** Opening Given data block **

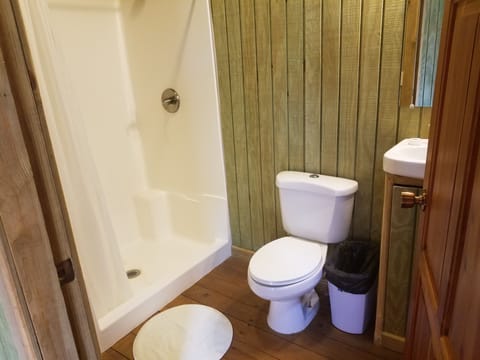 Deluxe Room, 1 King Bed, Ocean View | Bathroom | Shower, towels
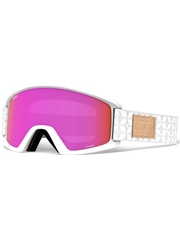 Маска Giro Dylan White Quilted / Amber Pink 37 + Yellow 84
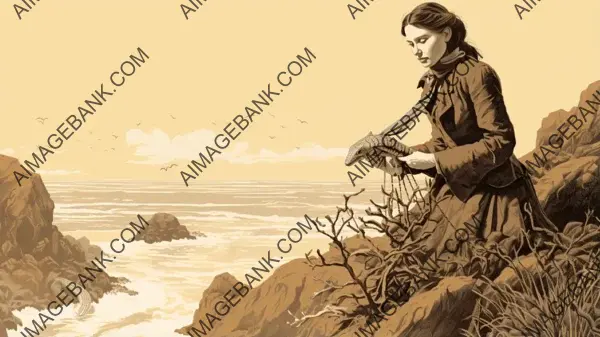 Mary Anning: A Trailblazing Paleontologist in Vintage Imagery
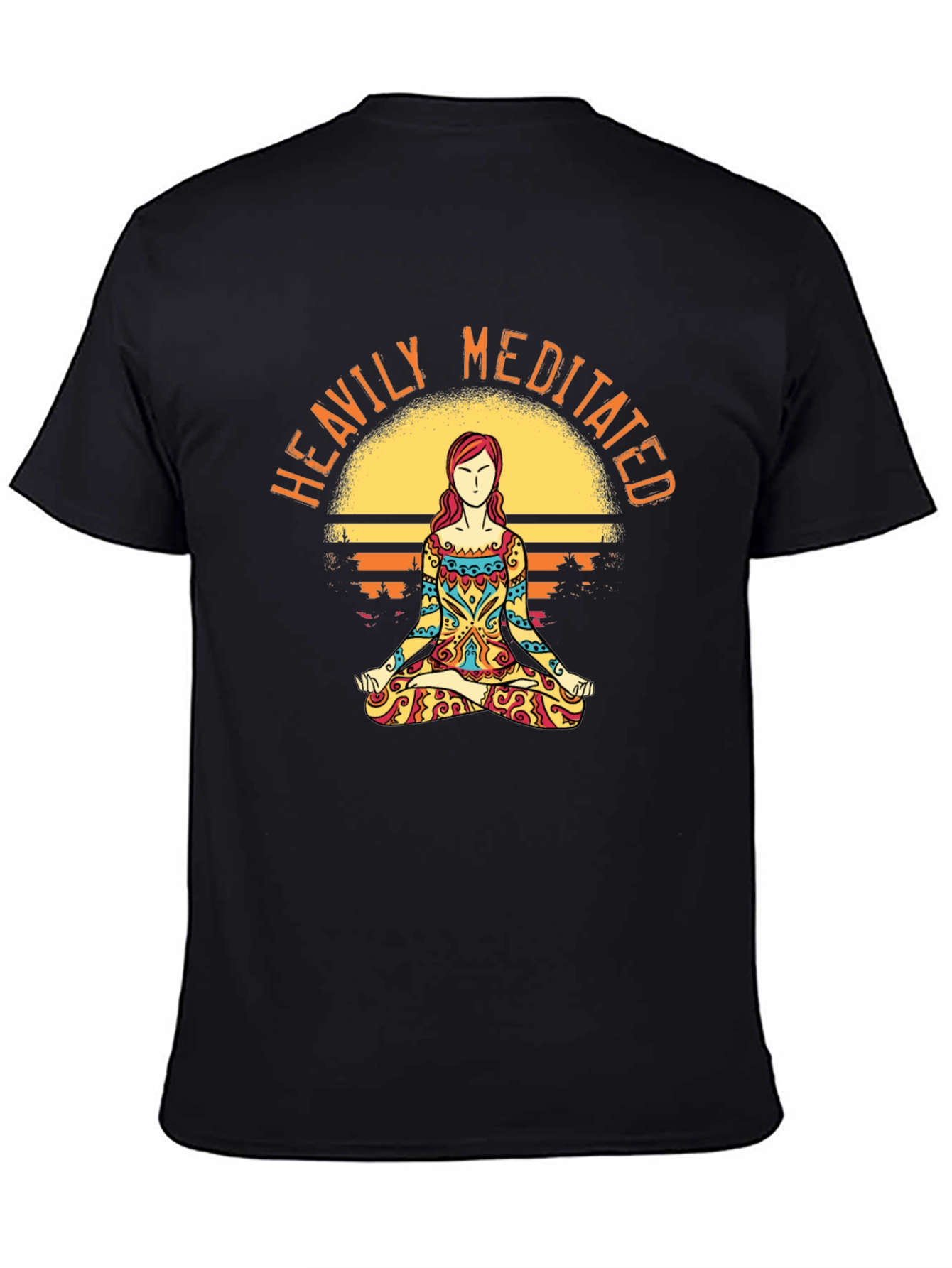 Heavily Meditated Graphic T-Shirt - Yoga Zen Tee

** Closing Given data block **

= What you will do =
Please repeat all of the data exactly as it stands, leaving the pictures out.

= Result of the task =
 Deluxe Room, 1 King Bed, Ocean View | Bathroom | Shower, towels
 Маска Giro Dylan White Quilted / Amber Pink 37 + Yellow 84
 Mary Anning: A Trailblazing Paleontologist in Vintage Imagery
 Heavily Meditated Graphic T-Shirt - Yoga Zen Tee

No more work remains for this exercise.